Let’s stop calling car dealers car dealers.
That’s what Chuck Parker proposes. He’s an auto journalist who has covered the industry a long time. He doesn’t hesitate to tell people what he thinks, often framed as a question, but typically accompanied by his nice-guy grin.
“Why do you call yourself dealers?” Parker asks a couple of them at an American Financial Services Assn. automotive conference. “Right off the bat, it says someone is dealing.”
Well, it’s not like they’re dealing drugs, but I guess I get his point. It spooks car shoppers if they think they’re dealing with a wheeler-dealer type.
That’s why auto retailing has shifted to a softer sell, price transparency and an emphasis on a pleasant experience for customers who feel fairly treated. But no name changes accompanied all that.
One of the people to whom Parker asks his question is AutoNation’s e-commerce vice president, Famous Rhodes. He’s the son of a dealer who apparently had really high expectations for his son, or at least didn’t use a book of common boys’ names when he picked Famous.
Rhodes recalls using the word “dealership” during a conversation with Michael Jackson, CEO of AutoNation, the country’s largest dealership chain. “Mike said, ‘We don’t have dealerships, we have stores.’” A lot of business people can say that, but they don’t sell motor vehicles.
Toyota dealer Brian McCafferty fields Parker’s name-change suggestion by diplomatically saying, “It’s something we should look at.”

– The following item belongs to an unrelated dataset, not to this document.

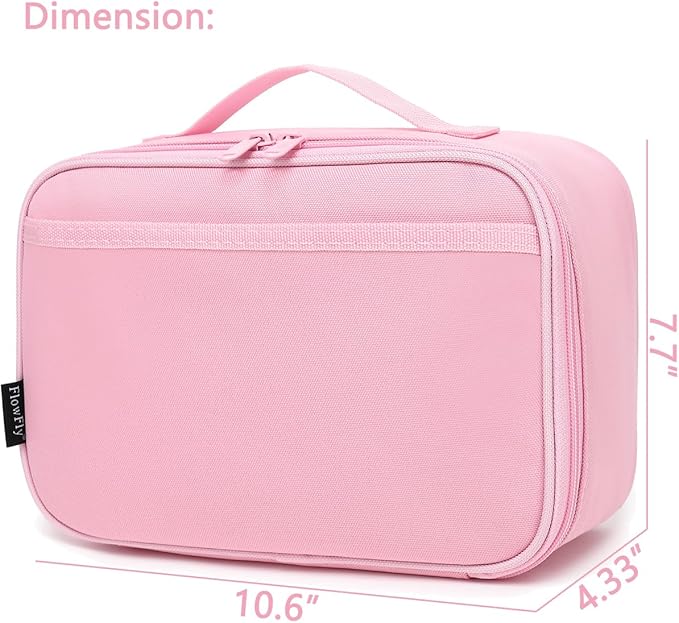 FlowFly Kids Lunch box Insulated Soft Bag Mini Cooler Back to School Thermal Meal Tote Kit for Girls, Boys, Pink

Dropping the dealer moniker could cause a ripple effect. Would the National Automobile Dealers Assn. become something else? Would we take a chisel to our WardsAuto Dealer Business magazine?
At the conference, Rhodes turns to Gary Tucker, CEO of the review website DealerRater, and says: “Maybe your company’s name should be changed to StoreRater.”
If we start referring to dealerships as stores, let’s get creative. We could go quaint: “Ye Olde Car-iosity Shoppe.” Or cute: “Cars R Us."
Tucker is noncommittal about retitling DealerRater, but he offers a proposed change of his own. He suggests dropping “salesperson” from the dealership vernacular.
Players proffer replacement names. “Product specialist” works famously for Rhodes.
Motor Trend’s Charlie Vogelheim tongue-in-cheek (I think) comes up with “experience guide,” as in someone who escorts customers during their car-buying journey. (“This way to the wondrous F&I office, folks.”)
Oh, about those customers. Some dealers have quit calling them that, on the premise it sounds too common. So they'll refer to “clients” or “guests.” The latter would fit nicely if Marriott or Westin got in the car business.
However named, the reference is to people who go to a dealership (a.k.a. store), talk with a salesperson (a.k.a. product specialist) and work out a deal (a.k.a. experience).
Quick-witted Vogelheim gets serious (I think) when he says, “I’ll defend the word ‘dealer.’ It’s used holistically.” Holistically? I thought we were talking about selling cars, not practicing medicine.
Parker tells me he’d replace “dealer” with “retailer.” No seismic change there.
Or we can just keep calling them dealers. Unless they sell vintage cars. Then we could call them antique dealers. But wait, that name’s already taken.